A Johor-based chemical manufacturer exports 20 tonnes of industrial solvent in intermediate bulk containers (IBCs) packed into a 20-foot container. During the 7-day voyage, one IBC develops a valve leak. The solvent leaks into the container, contaminating three adjacent IBCs and creating a hazardous material spill requiring specialist clean-up at Shanghai port.

Component Detail
Commodity Industrial solvent (Class 3 Flammable Liquid under IMDG Code) in IBCs
Shipment value Approximately USD 65,000
Corridor Pasir Gudang to Shanghai
Cause of loss IBC valve failure during transit
Coverage response ICC (A) covers leakage and contamination, subject to policy terms and conditions. IMDG Code compliance (packing, labelling, stowage, documentation) is assessed. If the IBC did not meet IMDG packing requirements or the valve was defective at origin, the packing exclusion (Clause 4.3) may apply. Clean-up costs at port may trigger additional liability.
Key lesson Chemical shipments under the IMDG Code require certified packaging, proper closure verification, and compliant documentation. IBC inspection and valve testing before loading are both a regulatory requirement and an insurance consideration.

Claim 2: Furniture Moisture Damage, Port Klang to Los Angeles

A Malaysian furniture manufacturer exports 4 containers of wooden bedroom sets on CIF Los Angeles terms. The 30-day transpacific voyage crosses tropical and temperate zones. On arrival, the buyer's surveyor finds mould growth on approximately 25% of the furniture pieces and moisture-induced swelling in drawer assemblies.

Component Detail
Commodity Wooden bedroom furniture sets in cartons, palletised
Shipment value Approximately USD 120,000
Corridor Port Klang to Los Angeles
Cause of loss Container condensation during 30-day transpacific voyage; moisture condensed inside container from temperature cycling
Coverage response ICC (A) covers moisture damage from container condensation, subject to policy terms and conditions.

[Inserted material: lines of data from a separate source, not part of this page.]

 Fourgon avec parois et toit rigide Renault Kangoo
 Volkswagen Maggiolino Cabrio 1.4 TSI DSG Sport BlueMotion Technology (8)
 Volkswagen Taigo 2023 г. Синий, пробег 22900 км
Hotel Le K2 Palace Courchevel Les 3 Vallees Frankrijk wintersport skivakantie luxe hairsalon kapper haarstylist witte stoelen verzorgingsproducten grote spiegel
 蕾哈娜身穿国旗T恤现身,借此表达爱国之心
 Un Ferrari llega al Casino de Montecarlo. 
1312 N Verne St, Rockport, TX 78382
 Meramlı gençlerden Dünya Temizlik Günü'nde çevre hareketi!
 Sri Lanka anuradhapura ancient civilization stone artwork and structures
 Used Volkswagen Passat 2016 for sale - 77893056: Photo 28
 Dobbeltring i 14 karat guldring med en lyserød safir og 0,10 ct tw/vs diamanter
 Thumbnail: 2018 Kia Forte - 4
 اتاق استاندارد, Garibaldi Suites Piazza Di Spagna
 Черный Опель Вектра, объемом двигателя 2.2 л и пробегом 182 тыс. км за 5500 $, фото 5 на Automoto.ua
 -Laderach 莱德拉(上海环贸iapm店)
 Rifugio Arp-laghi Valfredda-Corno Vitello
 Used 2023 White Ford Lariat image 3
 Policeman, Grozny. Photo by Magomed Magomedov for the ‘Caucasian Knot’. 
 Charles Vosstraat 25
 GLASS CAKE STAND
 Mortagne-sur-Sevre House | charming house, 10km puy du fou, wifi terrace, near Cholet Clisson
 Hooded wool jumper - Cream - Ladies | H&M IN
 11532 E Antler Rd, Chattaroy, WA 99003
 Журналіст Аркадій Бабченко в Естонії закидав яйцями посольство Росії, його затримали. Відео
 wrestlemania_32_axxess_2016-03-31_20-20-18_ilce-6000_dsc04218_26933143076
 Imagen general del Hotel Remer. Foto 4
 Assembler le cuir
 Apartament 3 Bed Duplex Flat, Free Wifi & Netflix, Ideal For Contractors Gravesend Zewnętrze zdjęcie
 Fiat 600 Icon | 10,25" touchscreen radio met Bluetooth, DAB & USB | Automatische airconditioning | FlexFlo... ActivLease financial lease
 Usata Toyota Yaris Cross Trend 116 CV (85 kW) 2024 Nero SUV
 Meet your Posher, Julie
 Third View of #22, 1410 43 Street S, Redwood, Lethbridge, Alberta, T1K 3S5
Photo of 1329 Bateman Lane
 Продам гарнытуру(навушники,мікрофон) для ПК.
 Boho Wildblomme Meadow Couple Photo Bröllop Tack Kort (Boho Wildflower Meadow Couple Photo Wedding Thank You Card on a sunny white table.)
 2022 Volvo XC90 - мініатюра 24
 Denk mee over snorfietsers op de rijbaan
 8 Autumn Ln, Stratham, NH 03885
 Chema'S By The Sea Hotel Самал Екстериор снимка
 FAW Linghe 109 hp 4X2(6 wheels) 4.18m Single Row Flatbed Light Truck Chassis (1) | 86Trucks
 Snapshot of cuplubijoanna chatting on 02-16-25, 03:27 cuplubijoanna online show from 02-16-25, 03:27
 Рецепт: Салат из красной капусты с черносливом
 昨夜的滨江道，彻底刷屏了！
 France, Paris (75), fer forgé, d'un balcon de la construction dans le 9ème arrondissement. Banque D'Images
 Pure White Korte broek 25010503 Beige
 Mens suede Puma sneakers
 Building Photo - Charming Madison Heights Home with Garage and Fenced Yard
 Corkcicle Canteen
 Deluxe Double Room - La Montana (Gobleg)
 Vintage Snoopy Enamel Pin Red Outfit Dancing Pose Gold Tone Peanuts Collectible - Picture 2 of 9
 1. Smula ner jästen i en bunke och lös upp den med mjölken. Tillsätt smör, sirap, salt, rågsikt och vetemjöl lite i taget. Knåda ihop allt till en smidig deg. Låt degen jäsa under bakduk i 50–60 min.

The insurer investigates timber moisture content at loading, desiccant use, and container condition. Furniture shipped with excessive timber moisture content may trigger the inherent vice exclusion (Clause 4.4).
Key lesson Wooden furniture is highly susceptible to container condensation on long ocean voyages. Timber should be kiln-dried to appropriate moisture content (typically 8% to 12%) before packing. Desiccants, moisture barrier wrapping, and container condition inspection are standard risk management measures.

Claim 3: Automotive Parts Corrosion, Johor to Nagoya

A Johor automotive parts manufacturer ships 3 containers of unpainted steel brake components to a Japanese automaker for assembly. During the 10-day voyage, sea spray and humidity cause surface corrosion on approximately 40% of the components. The buyer rejects the corroded parts as they fail the incoming quality inspection.

Component Detail
Commodity Unpainted steel automotive brake components in cartons, containerised
Shipment value Approximately USD 200,000
Corridor Pasir Gudang to Nagoya, Japan
Cause of loss Surface corrosion from humidity and salt air exposure during ocean transit
Coverage response ICC (A) covers corrosion caused by external perils during transit, subject to policy terms and conditions. The insurer assesses whether VCI (volatile corrosion inhibitor) wrapping, desiccants, and moisture barrier packaging were used. Unpainted steel shipped without adequate corrosion protection may trigger the packing exclusion (Clause 4.3).
Key lesson Japanese automakers have zero-tolerance quality standards. Unpainted metal automotive parts require VCI paper, desiccants, and sealed moisture barrier bags as standard export packing. The cost of corrosion protection is trivial compared to the cost of a rejected shipment.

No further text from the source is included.